Le statut protecteur
Les conseillers prud'hommes bénéficient d'importantes mesures leur
permettant d'assurer librement leur mandat sans être exposés à des
entraves ni à des mesures discriminatoires :
au cours de leur formation,
dans l'indemnisation de leur activité juridictionnelle,
dans la garantie contre un éventuel licenciement.
La formation
L'article L. 514-3
du code du travail précise le fonctionnement du système de formation
des conseillers prud'hommes salariés.
L'État, moyennant l'agrément préalable du ministère du Travail, accorde
une subvention aux établissements publics d'enseignement supérieur et
aux organismes privés à but non lucratif rattachés aux organisations
professionnelles et syndicales.
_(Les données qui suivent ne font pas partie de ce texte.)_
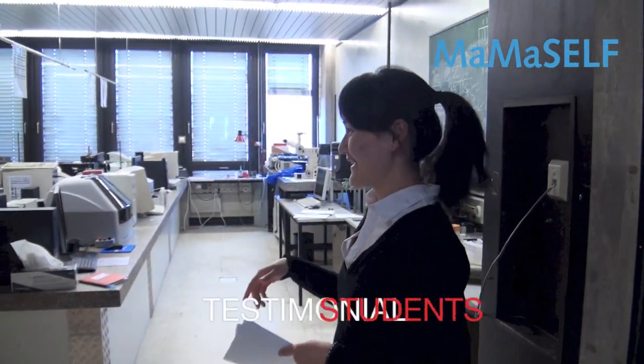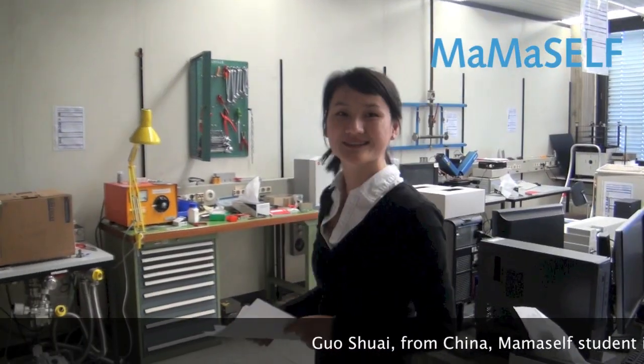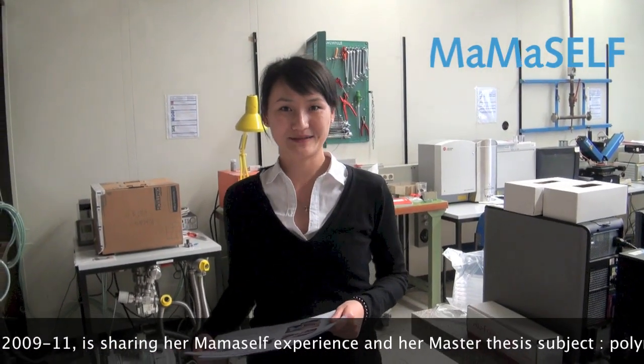This is our polymer lab. As you can see, there are quite a lot of different instruments. And today I'm going to present to you our solar simulator, which is the subject I'm working on: polymer-based solar cell.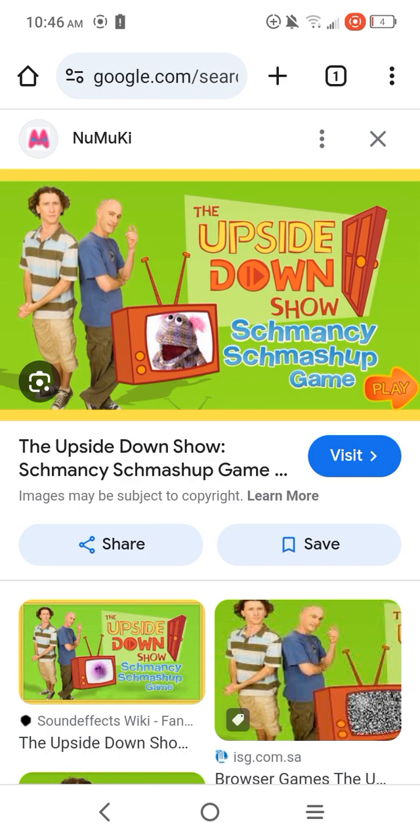If any of you guys have never played this Flash game — the Upside Down Show Schmancy Smash-Up Game — I recommend checking it out, because it's a really great Flash game in my thoughts. I really need to give this Flash game, the Upside Down Show Schmancy Smash-Up Game, a 25,389.9 out of 10.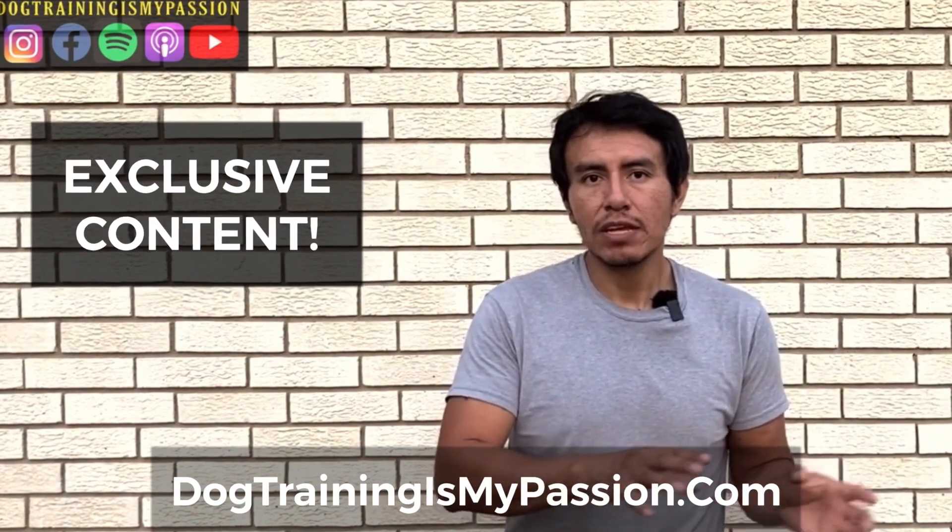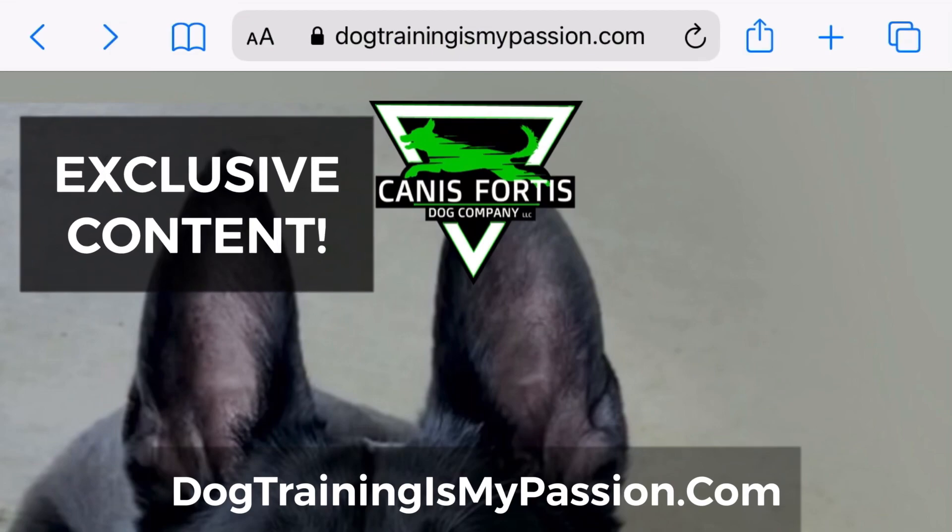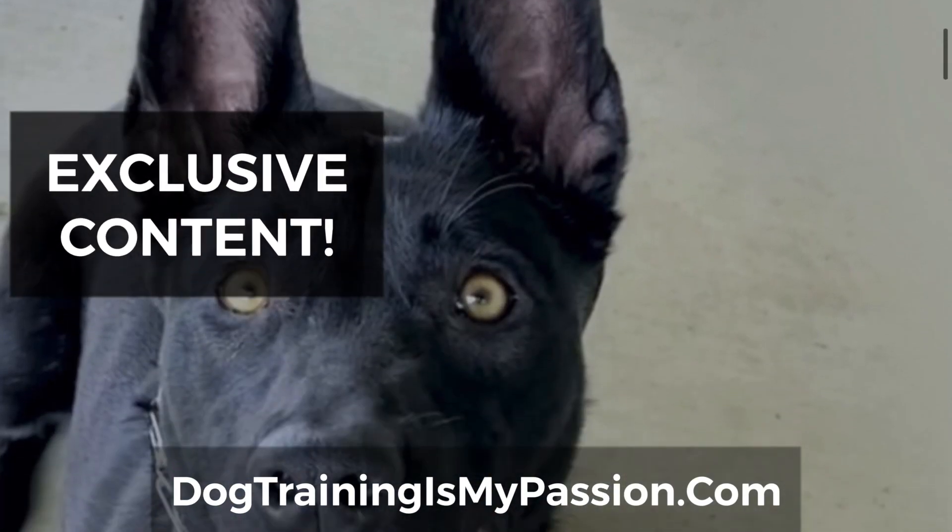The equipment we use in training — once we move the dog to more real scenarios — to get full access to this content, make sure you go to dogtrainingismypassion.com.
Les conseillers prud'hommes peuvent
bénéficier, sur leur demande, d'autorisations d'absences émanant de leur
employeur afin de participer aux séances de formation.
Par arrêté du 31 mars
1982, l'agrément a été accordé à l'institut CFTC pour la
formation des conseillers prud'hommes domicilié au 13, rue des Écluses- Saint-Martin, 75483 Paris cedex 10.
L'intéressé dispose d'un congé de formation rémunéré de six semaines
pendant son mandat. il doit informer l'employeur par lettre recommandée
avec avis de réception quinze jours à l'avance lorsque la durée
d'absence est inférieure à trois journées de travail ; au-delà,
l'employeur doit être avisé au moins trente jours à l'avance. La lettre
doit mentionner la date et la durée du stage ainsi que le nom de
l'organisme de formation.
L'article D. 514-4
du code du travail ajoute que la durée totale d'absence d'un conseiller
prud'homme salarié pour sa participation aux stages de formation ne
doit pas excéder deux semaines au cours de l'année.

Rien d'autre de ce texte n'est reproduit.